Hace unos meses, mientras me encontraba en Santo Domingo visitando a mi familia, acudí a un programa de televisión donde la presentadora, antes de entrevistarme, comenzó a llorar por el prolongado sufrimiento de la mujer musulmana. Aquella reacción, aquel sollozo, mientras lo trataba de encajar con las experiencias que he tenido con las mujeres de Yemen, parecía una pieza redonda en un rompecabezas cuadrado.

A pesar de que la mujer musulmana es en ocasión abusada y maltratada, usualmente de la misma manera en que maltratan a la mujer latina o anglosajona, la gran mayoría de mujeres musulmanas están sumamente satisfechas con su condición de vida, y son las principales promotoras de las costumbres y tradiciones que deja boquiabiertos a muchos en occidente.

Abeer es una mujer moderna bajo los estándares yemenitas. Maneja su propio vehículo, trabaja de ocho a cinco, y se acaba de graduar de la universidad. A pesar de todo, Abeer rehúsa mostrar su rostro, y el velo que lo confirma es su más grande tesoro. "Nosotras, las mujeres musulmanas, cuidamos de nuestro cuerpo como si fueran templos sagrados", me dice con ojos achinados, prueba de la sonrisa que se esconde sutilmente bajo la tela negra que me impide ver sus labios.

"Tengo la firme convicción de que la mujer occidental es lo más barato bajo el sol. Solo tenemos que prender la televisión para darnos cuenta que no dejan nada a la imaginación", me dice duramente, su tono presuntuoso revelando lo orgullosa que se siente bajo las vigas de su tradición, y reflejando el mismo problema que tenemos en occidente: la tendencia a llevar al extremo las idiosincrasias de otras culturas. "Y para que no te sorprendas, llevamos una vida social muy intensa", me dice mientras invita a mi madre a una reunión con sus amigas, que andaba de visita en Yemen durante esos días.

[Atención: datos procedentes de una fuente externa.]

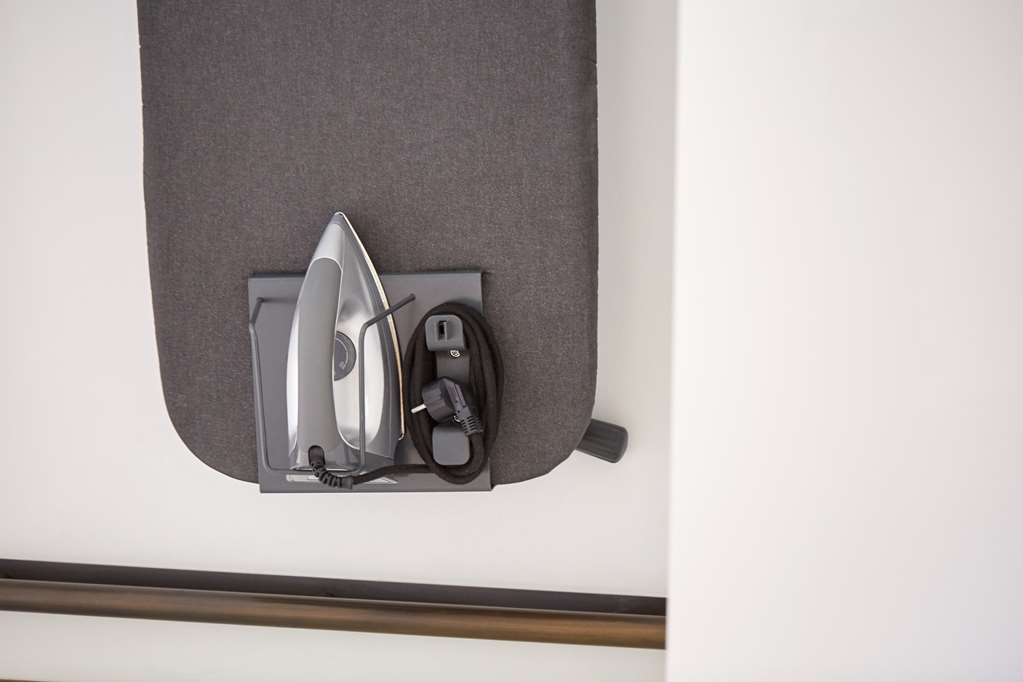 Scandic Frankfurt Museumsufer rooms standard family superior master suite KR TR KSV ZX ironboard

Aquella tarde, mi madre se sumergió de lleno en el íntimo mundo de las mujeres yemenitas por más de seis horas. Después de habernos dicho que la pasáramos a buscar a las siete de la noche, al llamarla a esa hora, nos rogó que la dejáramos "unas cuantas horitas más". Unas horas más tarde llegó a nuestro encuentro brotando de felicidad. Con pies y manos destellando un elaborado diseño de Henna, un tipo de tatuaje temporal que utilizan las mujeres para adornar sus cuerpos, su rostro fulguraba de emoción como si hubiera descubierto una ciudad legendaria en medio del Amazonas. En aquel momento, antes de que mi madre abriera la boca, me di cuenta que todos los prejuicios que ésta había tenido sobre el mundo de las mujeres musulmanas se habían disipado aquella tarde. "No se imaginan lo que gozamos", nos contaba mientras caminábamos por la ciudad vieja.

"Las mujeres llegaron con sus burkas y baltos, y de repente, al alzarse el camisón negro, hermosos vestidos cubrían sus cuerpos. Algunas llevaban ropa bastante provocativa", nos decía a mi padre y a mí mientras la miraba sin aliento.

"Luego prendieron la radio y algunas comenzaron a bailar 'la danza del vientre', algunas dominando el movimiento de sus abdómenes con suma destreza", nos contaba candorosa.

El hombre yemenita, hastiado de vivir en un mundo dominado por el calloso contacto masculino, sueña como un poeta enamorado con el día de su unión al sexo opuesto, enaltecido por las canciones de amor y de boda que suenan por todo lo largo y lo ancho de esta apasionante nación. Mientras tanto, las mujeres siguen riéndose debajo de sus burkas, viviendo la libertad de su supuesto anonimato. Pero claro, "esas mujeres no conocen otra cosa".

Detrás de su burka, la mujer yemenita conoce al mundo, pero el mundo no las conoce a ellas.